In 2016, after many years of development, Plan 2014 was adopted by the International Joint Commission as a new plan to manage water levels in the Great Lakes and the upper St. Lawrence River. This plan replaced the previous management plan that dated to the completion and flooding of the St. Lawrence-Seaway in 1958. Plan 2014 incorporated more than a decade of study to develop, promised to assist in restoring coastal wetlands, assist with climate change impact, and “continue to protect against extreme high and low water levels.” Recreational boaters, shoreline communities, commercial navigation and hydroelectric power generation were all considerations.
In the six years since the plan went into effect, we have seen in the Lake St. Lawrence region two years of record-breaking high water levels, and three years of low or extremely low water levels. The region is on track to finish 2022 on the extremely low end of the spectrum.
The impact of these drastic water level fluctuations is immense. Recreational boaters have seen their craft docked in mud more than 30 feet away from the former shoreline. Shoreline communities and the businesses that generate the bulk of their yearly income from the St. Lawrence have been financially hit. Commercial navigation has seen frequent warnings and orders put in place due to low water levels. The environmental impact of the wildly fluctuating water levels has negated the planned benefits for coastal marsh lands, fish habitat, and the local wildlife. In fact, the only area in the Plan 2014 that has not been greatly affected is hydroelectric power generation.
Since 2017, affected groups have lobbied the IJC and its International Lake Ontario St. Lawrence River board to adjust, modify, or outright scrap the Plan 2014 management strategy. So far lip service has been paid, and minor deviations to remove more water from the Upper Great Lakes has been the result. Local concerns have not been addressed.
Federal, provincial, and local politicians have not gained any traction because this issue is bigger than just Eastern Ontario. Plan 2014 does not just manage Lake St. Lawrence, but the water from Lake Ontario that flows through the Seaway system. The IJC’s interests are now as in the 1950s, hydroelectric power generation first, large-scale shipping second, ignore the rest. The Lake Ontario basin has a significantly larger population in its watershed than that of Lake St. Lawrence and the St. Lawrence River east to Cornwall. This region’s concerns are inconsequential.

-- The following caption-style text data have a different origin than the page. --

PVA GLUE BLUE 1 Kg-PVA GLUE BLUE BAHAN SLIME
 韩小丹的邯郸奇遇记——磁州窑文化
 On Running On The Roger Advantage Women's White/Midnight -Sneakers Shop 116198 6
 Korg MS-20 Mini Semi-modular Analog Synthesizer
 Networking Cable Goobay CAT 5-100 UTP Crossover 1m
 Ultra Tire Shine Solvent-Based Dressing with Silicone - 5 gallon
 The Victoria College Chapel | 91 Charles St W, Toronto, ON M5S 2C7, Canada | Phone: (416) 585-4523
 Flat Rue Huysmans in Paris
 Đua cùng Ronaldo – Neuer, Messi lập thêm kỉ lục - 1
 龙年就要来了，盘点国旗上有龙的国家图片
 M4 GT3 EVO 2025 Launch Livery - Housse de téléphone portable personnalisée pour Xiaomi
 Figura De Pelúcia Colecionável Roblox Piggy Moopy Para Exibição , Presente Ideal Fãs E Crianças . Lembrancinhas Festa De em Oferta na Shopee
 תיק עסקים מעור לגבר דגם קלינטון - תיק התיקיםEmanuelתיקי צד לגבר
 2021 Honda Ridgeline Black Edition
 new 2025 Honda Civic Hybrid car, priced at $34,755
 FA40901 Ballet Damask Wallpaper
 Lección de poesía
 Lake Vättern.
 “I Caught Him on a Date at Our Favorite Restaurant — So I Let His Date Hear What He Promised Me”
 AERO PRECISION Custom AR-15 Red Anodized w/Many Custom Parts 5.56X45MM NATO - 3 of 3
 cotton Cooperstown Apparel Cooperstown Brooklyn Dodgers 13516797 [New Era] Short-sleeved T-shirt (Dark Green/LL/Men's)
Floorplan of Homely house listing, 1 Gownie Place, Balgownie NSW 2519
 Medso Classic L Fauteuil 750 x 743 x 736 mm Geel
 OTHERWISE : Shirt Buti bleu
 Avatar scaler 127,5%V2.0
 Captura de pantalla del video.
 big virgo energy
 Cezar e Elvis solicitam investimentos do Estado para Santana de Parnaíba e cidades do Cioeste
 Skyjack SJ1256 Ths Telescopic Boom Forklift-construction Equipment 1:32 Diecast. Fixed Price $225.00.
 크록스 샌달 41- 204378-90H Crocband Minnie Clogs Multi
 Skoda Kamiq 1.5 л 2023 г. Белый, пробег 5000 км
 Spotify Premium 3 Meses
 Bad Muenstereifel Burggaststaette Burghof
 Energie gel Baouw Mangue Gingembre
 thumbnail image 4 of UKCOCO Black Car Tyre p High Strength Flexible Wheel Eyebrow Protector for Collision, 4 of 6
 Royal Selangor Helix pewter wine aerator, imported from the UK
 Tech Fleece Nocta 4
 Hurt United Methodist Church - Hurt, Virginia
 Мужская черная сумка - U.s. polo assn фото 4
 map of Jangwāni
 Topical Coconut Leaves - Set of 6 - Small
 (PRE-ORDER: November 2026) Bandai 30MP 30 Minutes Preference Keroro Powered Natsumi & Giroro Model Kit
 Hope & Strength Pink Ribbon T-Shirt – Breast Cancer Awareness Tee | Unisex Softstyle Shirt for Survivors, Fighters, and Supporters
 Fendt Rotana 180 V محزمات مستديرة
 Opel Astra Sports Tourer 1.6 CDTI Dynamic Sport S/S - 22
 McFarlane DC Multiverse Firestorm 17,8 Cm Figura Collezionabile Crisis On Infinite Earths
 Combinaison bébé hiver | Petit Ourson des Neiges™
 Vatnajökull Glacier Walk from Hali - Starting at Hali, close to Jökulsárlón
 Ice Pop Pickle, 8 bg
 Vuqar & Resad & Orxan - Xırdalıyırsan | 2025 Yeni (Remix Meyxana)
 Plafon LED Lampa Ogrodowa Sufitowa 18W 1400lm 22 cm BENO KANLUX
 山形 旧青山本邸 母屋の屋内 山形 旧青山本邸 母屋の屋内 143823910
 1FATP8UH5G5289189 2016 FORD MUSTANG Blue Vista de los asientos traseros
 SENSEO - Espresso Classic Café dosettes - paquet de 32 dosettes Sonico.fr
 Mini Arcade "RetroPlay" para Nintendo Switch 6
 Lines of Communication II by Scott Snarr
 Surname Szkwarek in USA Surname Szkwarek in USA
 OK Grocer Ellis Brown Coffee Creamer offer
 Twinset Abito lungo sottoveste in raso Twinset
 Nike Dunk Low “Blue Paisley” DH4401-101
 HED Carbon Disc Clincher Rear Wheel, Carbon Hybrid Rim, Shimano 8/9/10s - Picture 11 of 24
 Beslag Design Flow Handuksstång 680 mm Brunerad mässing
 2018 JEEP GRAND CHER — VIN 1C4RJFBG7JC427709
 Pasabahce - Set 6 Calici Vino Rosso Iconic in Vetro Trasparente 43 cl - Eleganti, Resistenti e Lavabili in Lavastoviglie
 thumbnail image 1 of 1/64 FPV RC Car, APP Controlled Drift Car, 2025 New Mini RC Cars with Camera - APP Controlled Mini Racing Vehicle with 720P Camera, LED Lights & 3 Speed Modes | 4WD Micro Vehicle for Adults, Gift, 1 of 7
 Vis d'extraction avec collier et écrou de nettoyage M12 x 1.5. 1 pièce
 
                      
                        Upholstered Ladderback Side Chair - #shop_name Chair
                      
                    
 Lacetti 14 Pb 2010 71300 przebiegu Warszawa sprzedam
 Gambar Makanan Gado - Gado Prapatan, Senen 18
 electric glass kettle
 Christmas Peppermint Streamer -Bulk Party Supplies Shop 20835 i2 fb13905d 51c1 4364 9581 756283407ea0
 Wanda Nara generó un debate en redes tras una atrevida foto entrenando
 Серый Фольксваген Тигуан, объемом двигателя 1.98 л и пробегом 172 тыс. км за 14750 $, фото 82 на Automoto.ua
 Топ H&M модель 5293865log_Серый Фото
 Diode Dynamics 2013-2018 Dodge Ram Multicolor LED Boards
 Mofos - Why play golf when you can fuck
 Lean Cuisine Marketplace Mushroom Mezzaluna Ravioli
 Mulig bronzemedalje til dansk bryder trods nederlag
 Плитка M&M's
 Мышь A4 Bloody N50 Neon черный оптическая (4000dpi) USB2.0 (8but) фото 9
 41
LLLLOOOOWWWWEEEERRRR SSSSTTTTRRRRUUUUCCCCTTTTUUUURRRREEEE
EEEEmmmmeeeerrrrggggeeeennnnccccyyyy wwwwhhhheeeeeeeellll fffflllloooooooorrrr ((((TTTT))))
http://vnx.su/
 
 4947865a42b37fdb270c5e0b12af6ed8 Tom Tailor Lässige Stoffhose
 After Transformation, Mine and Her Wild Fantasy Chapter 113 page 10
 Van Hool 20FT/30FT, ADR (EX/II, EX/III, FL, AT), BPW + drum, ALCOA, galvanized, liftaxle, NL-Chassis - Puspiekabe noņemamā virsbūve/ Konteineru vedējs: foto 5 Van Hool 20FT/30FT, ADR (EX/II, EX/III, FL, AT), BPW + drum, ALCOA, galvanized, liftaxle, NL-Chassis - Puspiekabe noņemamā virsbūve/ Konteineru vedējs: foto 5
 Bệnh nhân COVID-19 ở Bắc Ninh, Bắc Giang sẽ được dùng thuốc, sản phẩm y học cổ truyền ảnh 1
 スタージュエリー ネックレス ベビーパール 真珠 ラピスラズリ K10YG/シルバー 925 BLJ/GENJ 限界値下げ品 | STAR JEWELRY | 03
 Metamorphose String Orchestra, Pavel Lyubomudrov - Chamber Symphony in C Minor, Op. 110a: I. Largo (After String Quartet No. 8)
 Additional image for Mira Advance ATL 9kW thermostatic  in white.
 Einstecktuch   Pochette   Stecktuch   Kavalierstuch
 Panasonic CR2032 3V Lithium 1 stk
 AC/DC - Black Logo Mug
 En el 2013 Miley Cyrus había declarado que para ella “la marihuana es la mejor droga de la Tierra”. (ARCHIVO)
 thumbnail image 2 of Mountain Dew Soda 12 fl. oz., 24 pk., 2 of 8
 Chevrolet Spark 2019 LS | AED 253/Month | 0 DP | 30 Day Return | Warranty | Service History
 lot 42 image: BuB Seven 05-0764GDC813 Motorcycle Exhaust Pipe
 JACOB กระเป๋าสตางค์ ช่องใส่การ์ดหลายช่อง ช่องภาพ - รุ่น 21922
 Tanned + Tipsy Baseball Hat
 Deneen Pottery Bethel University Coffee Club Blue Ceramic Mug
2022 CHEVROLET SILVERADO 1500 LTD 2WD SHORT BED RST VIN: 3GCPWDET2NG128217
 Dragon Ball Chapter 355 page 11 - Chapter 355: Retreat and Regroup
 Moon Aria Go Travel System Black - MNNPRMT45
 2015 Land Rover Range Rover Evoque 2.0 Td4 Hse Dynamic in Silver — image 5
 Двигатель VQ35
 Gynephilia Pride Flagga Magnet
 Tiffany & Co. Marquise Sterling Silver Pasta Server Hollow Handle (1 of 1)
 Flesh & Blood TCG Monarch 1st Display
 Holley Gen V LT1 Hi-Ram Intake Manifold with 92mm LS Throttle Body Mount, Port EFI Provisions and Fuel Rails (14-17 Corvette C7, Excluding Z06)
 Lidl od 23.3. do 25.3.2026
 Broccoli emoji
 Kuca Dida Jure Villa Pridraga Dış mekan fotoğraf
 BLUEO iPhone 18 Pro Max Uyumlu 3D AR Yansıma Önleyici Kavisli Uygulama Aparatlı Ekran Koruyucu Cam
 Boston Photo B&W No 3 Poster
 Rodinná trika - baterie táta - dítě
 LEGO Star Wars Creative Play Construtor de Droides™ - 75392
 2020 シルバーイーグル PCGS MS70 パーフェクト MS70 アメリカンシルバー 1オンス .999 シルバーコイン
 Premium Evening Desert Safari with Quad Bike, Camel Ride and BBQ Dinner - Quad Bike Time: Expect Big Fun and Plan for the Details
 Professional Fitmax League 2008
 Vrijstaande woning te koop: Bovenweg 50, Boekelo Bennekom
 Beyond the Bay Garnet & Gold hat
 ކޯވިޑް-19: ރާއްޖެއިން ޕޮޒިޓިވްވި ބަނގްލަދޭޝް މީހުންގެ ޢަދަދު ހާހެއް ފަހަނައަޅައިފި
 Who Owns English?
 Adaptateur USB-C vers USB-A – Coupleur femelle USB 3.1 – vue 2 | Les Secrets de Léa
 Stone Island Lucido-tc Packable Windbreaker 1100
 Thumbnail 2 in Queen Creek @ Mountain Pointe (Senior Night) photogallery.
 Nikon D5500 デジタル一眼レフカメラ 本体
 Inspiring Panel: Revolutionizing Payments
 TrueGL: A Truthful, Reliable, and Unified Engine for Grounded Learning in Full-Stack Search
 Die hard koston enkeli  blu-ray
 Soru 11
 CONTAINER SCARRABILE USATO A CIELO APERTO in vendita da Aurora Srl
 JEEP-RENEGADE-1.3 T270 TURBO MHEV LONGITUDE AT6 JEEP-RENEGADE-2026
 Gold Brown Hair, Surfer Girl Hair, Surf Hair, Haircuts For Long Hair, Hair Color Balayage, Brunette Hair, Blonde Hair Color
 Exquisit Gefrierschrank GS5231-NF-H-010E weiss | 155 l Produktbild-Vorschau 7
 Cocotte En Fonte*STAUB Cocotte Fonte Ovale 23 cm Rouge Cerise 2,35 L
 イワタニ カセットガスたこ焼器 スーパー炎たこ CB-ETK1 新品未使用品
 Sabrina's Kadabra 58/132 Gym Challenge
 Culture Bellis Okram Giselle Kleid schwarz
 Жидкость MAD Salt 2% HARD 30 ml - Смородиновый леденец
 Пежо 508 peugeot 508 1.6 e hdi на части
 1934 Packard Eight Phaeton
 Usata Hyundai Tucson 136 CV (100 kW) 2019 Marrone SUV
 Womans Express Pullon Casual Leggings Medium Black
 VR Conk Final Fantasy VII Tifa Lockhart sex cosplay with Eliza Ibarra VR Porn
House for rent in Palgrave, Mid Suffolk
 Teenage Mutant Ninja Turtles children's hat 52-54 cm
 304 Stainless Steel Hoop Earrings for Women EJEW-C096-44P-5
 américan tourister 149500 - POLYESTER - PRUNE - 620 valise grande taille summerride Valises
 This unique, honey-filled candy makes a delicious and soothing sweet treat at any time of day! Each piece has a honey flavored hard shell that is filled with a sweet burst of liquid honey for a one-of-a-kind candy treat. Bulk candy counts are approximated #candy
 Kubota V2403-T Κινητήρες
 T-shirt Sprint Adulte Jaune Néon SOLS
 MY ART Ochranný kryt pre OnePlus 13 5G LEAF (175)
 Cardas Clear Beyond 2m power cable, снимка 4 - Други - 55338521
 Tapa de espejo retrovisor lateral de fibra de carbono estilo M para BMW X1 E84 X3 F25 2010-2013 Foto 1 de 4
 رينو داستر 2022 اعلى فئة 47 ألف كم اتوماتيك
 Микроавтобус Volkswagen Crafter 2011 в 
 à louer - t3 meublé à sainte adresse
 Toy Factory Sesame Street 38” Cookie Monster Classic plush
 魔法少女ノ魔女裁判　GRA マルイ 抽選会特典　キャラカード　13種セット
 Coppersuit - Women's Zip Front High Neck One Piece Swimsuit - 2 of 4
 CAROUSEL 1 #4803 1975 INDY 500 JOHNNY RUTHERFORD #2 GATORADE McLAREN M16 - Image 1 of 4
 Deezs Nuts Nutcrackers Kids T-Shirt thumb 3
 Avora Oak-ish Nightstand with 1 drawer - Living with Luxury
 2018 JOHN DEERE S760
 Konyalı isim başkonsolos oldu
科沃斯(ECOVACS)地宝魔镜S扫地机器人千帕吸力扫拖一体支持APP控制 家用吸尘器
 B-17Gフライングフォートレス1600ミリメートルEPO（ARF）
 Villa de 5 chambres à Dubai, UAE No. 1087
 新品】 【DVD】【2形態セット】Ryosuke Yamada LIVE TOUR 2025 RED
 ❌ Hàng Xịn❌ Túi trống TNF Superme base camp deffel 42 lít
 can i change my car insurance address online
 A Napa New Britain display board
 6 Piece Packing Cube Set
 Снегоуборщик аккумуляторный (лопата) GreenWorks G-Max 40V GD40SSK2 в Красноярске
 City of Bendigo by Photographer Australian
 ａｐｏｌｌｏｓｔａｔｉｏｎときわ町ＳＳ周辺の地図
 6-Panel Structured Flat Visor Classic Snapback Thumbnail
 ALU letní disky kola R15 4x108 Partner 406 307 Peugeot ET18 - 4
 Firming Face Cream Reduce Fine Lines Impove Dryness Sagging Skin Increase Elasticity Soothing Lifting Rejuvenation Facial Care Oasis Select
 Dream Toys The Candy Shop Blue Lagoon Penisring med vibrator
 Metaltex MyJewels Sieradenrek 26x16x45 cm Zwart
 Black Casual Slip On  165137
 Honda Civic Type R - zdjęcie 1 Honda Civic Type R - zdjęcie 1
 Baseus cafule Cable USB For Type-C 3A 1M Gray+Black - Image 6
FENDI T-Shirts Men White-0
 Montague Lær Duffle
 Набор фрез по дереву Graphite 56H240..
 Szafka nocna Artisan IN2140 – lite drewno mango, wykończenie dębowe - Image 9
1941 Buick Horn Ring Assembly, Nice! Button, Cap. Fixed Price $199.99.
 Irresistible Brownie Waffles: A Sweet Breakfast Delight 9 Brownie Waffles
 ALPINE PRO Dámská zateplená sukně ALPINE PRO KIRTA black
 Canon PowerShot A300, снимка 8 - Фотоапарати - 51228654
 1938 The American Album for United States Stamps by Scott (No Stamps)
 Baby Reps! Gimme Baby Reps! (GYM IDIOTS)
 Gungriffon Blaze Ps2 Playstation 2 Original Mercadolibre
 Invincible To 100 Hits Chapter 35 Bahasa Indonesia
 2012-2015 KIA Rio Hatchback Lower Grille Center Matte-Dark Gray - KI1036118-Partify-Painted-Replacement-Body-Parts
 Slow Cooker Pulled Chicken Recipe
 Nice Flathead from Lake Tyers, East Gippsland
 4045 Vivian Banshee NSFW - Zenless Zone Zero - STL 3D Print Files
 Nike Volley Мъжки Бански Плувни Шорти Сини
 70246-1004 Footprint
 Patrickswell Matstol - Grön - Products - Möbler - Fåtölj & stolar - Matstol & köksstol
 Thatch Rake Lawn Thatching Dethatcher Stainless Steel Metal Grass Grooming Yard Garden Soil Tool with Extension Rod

Residents, business owners, and shoreline communities, along with the environment, deserve equal consideration when dealing with water levels in this region. Action must be taken to noticeably modify the existing Plan 2014, or scrap it altogether and start over. We see the effects of doing nothing – and that must stop. Residents in this region deserve action to substantially address water level issues and not empty platitudes.